Mugrabi senior took a circuitous route into the art market. Born into a middle-class Jewish family in Israel, he emigrated to Colombia to join his uncle's textile distribution firm, eventually setting up on his own. By 1984, he'd had enough and Colombia had become dangerous, so he moved to New York. "Art became my refuge." His initial steps were faltering: "What is this for? Who cares?" he said when his wife Mary bought him his first picture. But when he became interested, she recalls, "he moved so fast, I could not keep up". Pop Art became a fixation.

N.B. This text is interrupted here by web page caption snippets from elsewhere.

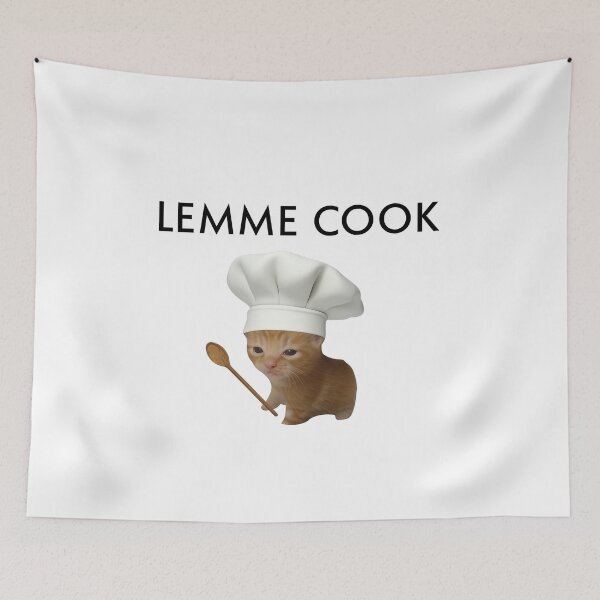 Item preview, Funny Cat Chef Meme Lemme Cook Design designed and sold by margamPagenberg.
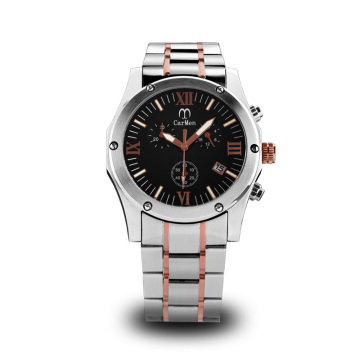 customized logo quartz movt man watches
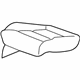 GM 84492250 Cushion Cover, Black, Front
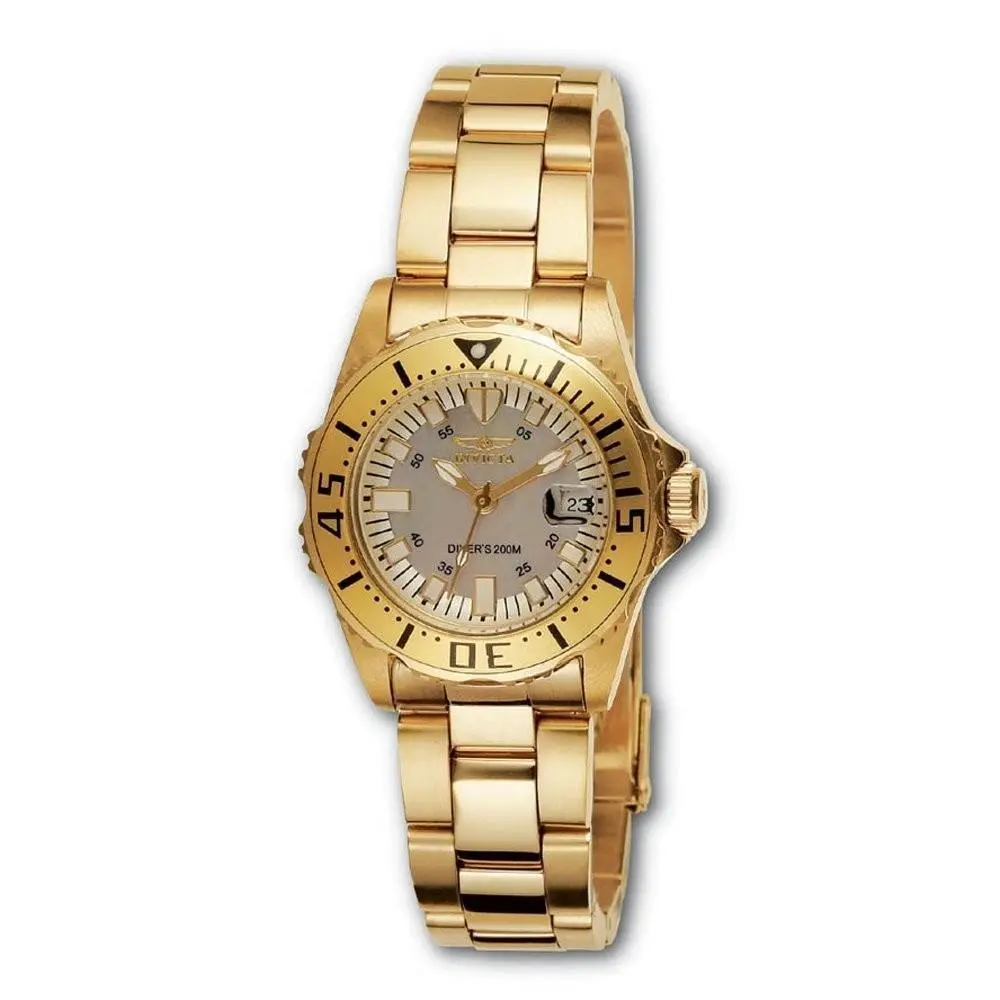 Invicta Ladies Pro Diver Collection Lady Abyss Watch 2963 - Gold / Mother of pearl, Dial: Mother of Pearl, Band: Gold-tone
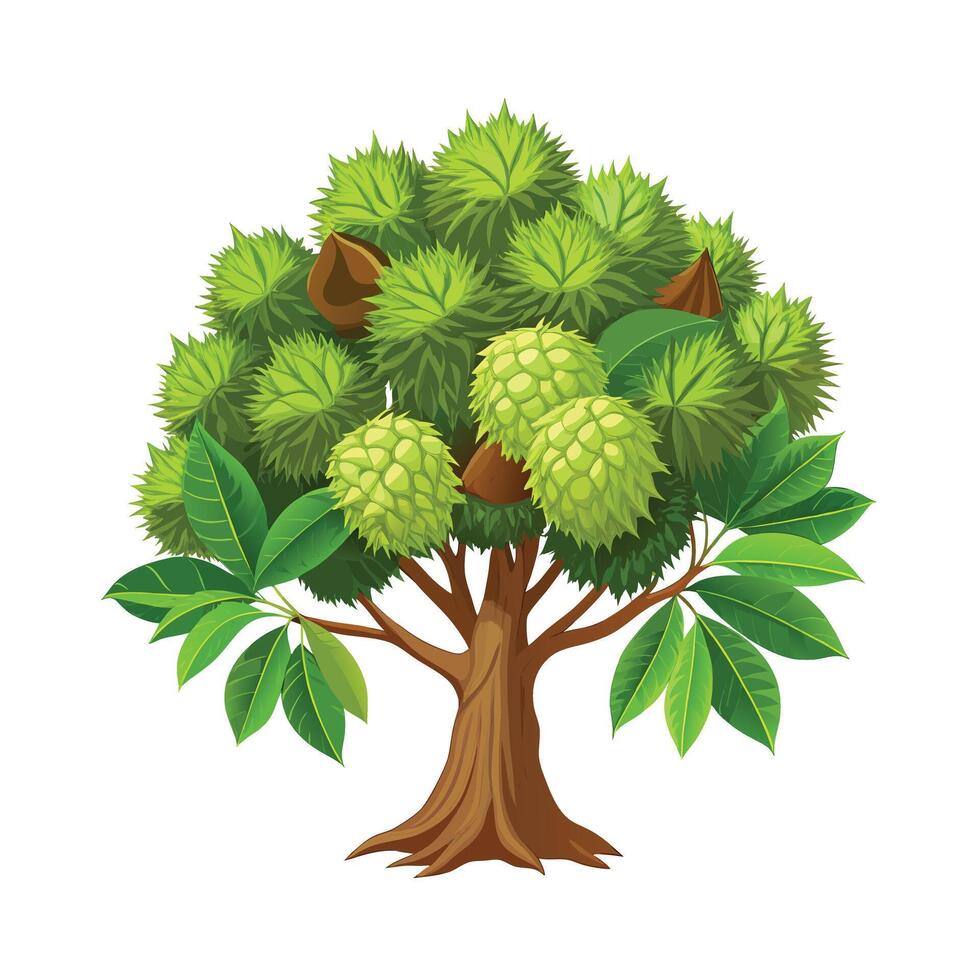 Beautiful Single Big Tree Illustration vector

These days the Mugrabis "are regarded as princes of art and commerce". They certainly look the part. Dark and strikingly angular, Alberto in particular "looks as if he could have emerged from a Picasso canvas". They operate out of a small office on Park Avenue and make a point of taking breakfast together each morning at the Four Seasons. When in London, they rendezvous at the Mayfair gaming club Aspinalls. The younger son, David a former Wall Street broker is "the quiet, practical one", says The Wall Street Journal. His brother Alberto is the gregarious jet-setter.
But can the Mugrabis, who recently took a smallish $1m hit courtesy of Bernie Madoff, ride out the falling art market (see below)? As self-styled market-makers, "they're like the casino, not the gambler", notes one gallery owner. Indeed, as The Wall Street Journal points out, if they hit financial trouble and had to liquidate their collection, this would "dive-bomb" Warhol prices and "rattle collector confidence in dozens of other artists". If current declines turn into a full-scale rout, concludes one New York dealer, "it's going to be a hell of a ride down".
Investing in art: a mug's game?
"Art will hold its value better than real estate, better than funds," says Jose Mugrabi. But he admits that "top tier" contemporary works are worth a lot less than they were a year ago. The value of the Mugrabis' billion-dollar collection like that of the Mei Moses art index is down a third on its 2008 highs. Back then, notes Merryn Somerset Webb, investors convinced themselves that the high-end contemporary art market "would remain utterly unaffected by the global meltdown". After all, it was vital to many collectors especially those doubling as tycoons in other businesses to keep prices high by over-bidding at auction. "Say you have five works of art by the same artist valued at £2m each, and borrowings against them of something like £8m, and you need more money to bail-out a failure elsewhere." If you bid up a similar painting by the same artist to £3m, your collection is suddenly 'worth' an extra £5m letting you borrow more. However, no market can be bid up indefinitely and the great contemporary art boom has been revealed as "just another bubble".
The Mugrabis are undeterred. "It's like Warren Buffett said: a down market is where you find bargains," David told The New York Times. But the truth is that most art investment is a mug's game, says Somerset Webb. Fashion-dependent, utterly untransparent and very illiquid, it has always been more "speculative than rational". Unless you happen to get your hands on something by a dead artist (i.e. in genuinely limited supply) that has been recognised as good for decades, "it is pretty much a guaranteed money loser".